[FORMATTING] Space between type and options removed in nested BigQuery fields
When formatting BigQuery DDL statement with OPTIONS on a Struct field, any space between the type definition and the Options definition is removed, resulting in an invalid statement.
Input data
CREATE TABLE `project.dataset.format_test`
(
str STRING OPTIONS(description="A string field."),
int INT64 OPTIONS(description="An int64 field."),
record STRUCT<nested INT64 OPTIONS(description="a struct field")> OPTIONS(description="a struct")
)
Expected Output
CREATE TABLE
`project.dataset.format_test` (
str STRING OPTIONS(description = "A string field."),
int INT64 OPTIONS(description = "An int64 field."),
record STRUCT<nested INT64 OPTIONS(description ="a struct field")> OPTIONS(description = "a struct")
)
Actual Output
CREATE TABLE
`project.dataset.format_test` (
str STRING OPTIONS(description = "A string field."),
int INT64 OPTIONS(description = "An int64 field."),
record STRUCT<nested INT64OPTIONS(description ="a struct field")> OPTIONS(description = "a struct")
)
Usage
To run this I've stored the input in a file called example-sql.sql and am running:
> sql-formatter --v
12.2.3
> sql-formatter -l bigquery example-sql.sql
CREATE TABLE
`project.dataset.format_test` (
str STRING OPTIONS(description = "A string field."),
int INT64 OPTIONS(description = "An int64 field."),
record STRUCT<nested INT64OPTIONS(description ="a struct field")> OPTIONS(description = "a struct")
)
Thanks for reporting. Definitely a bug.
I remember that the part that deals with this type-parameter formatting was pretty ugly and error-prone. Perhaps there's a simple fix I can make, perhaps not. More likely not. Will look into this.

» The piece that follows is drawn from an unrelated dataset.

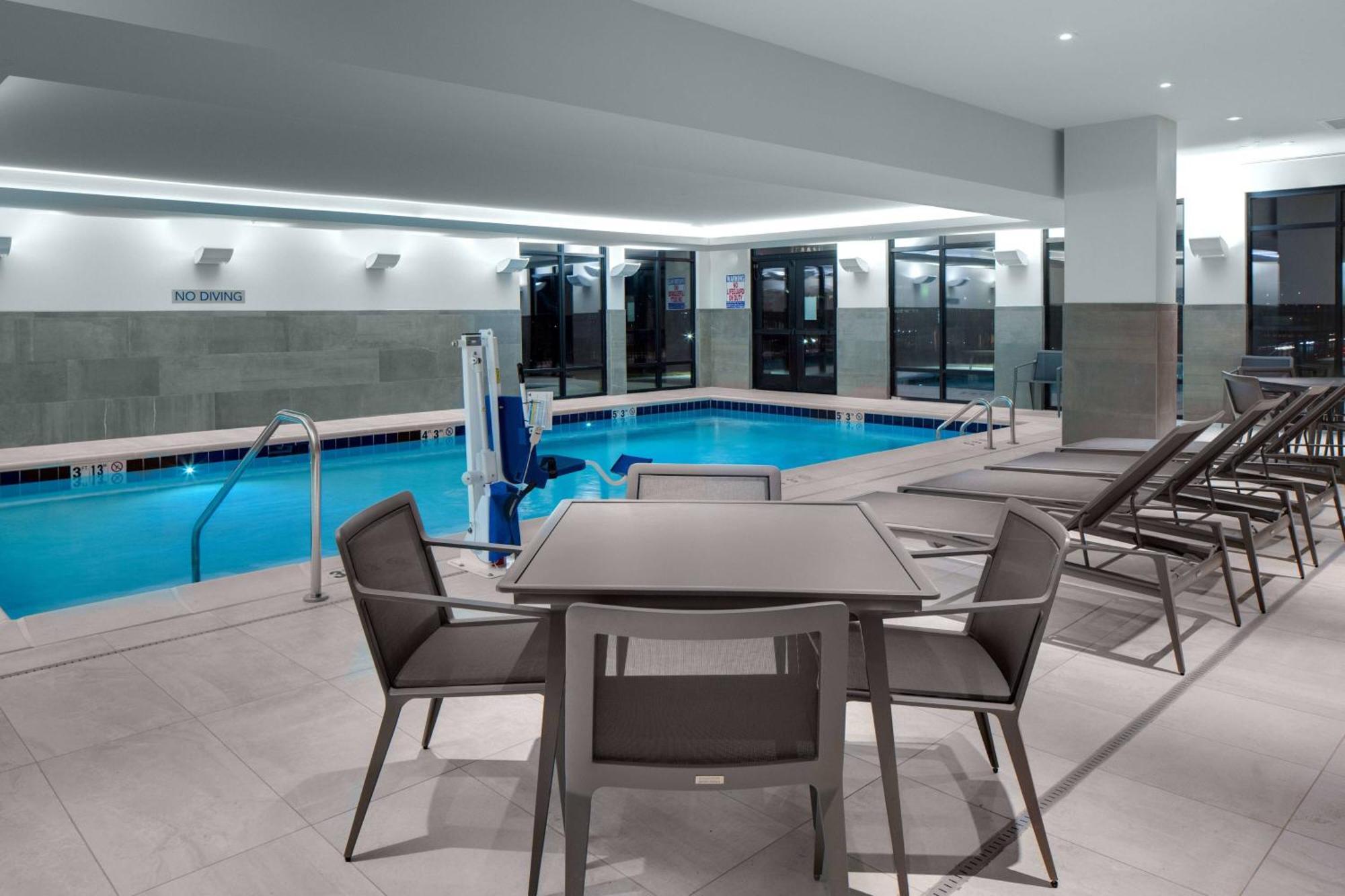 Courtyard By Marriott Jefferson City Eksteriør billede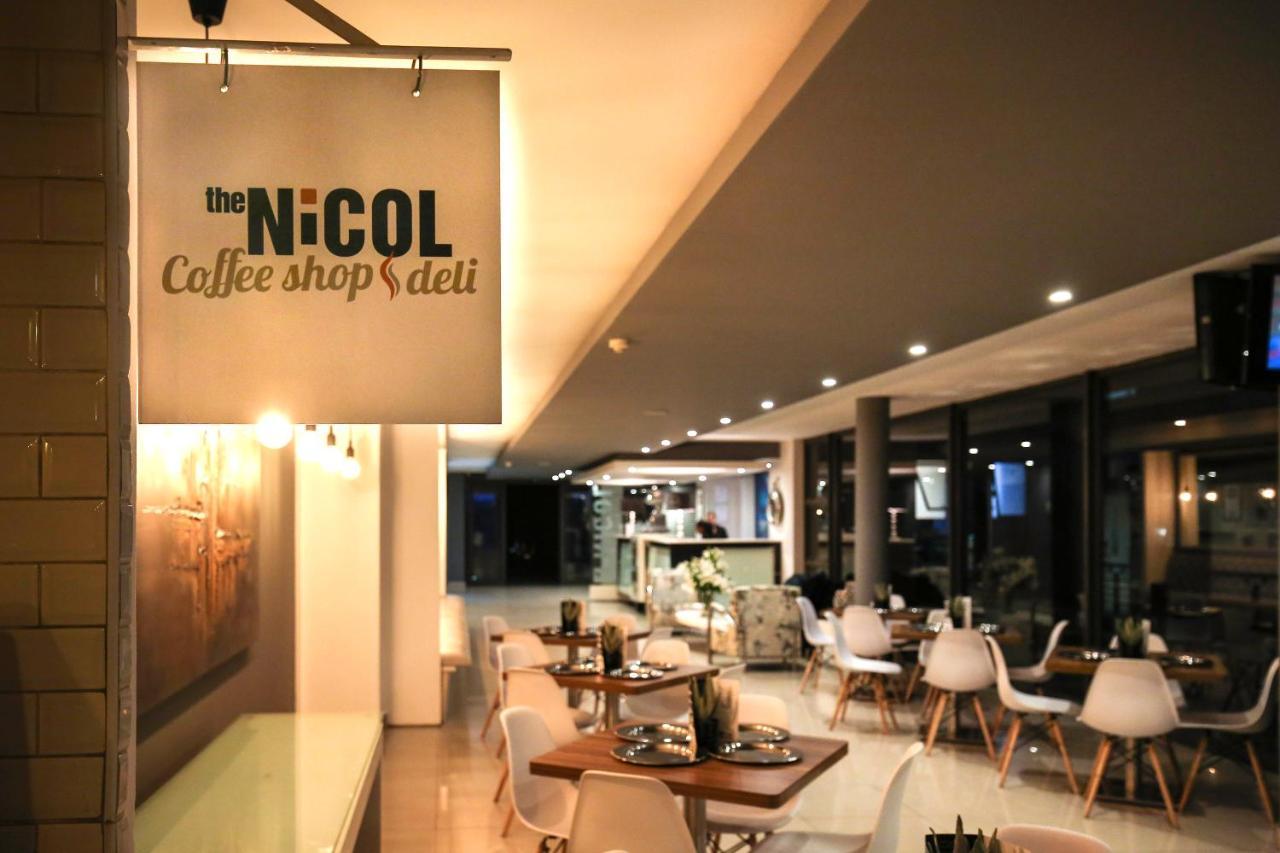 The Nicol Hotel And Apartments โจฮันเนสเบิร์ก ภายนอก รูปภาพ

In the mean time, perhaps you'd like to try out a new SQL formatting tool that I've written, which specifically includes full BigQuery support: https://github.com/nene/prettier-plugin-sql-cst
It formats the SQL somewhat differently, but at least it wont output invalid code. For your SQL it produces the following:
CREATE TABLE `project.dataset.format_test` (
str STRING OPTIONS (description = "A string field."),
int INT64 OPTIONS (description = "An int64 field."),
record STRUCT<nested INT64 OPTIONS (description = "a struct field")> OPTIONS (
description = "a struct"
)
);
I'm not really sure whether it would be better to format options as OPTIONS(...) or OPTIONS (...). Or which style is more common in BigQuery community. Open to suggestions.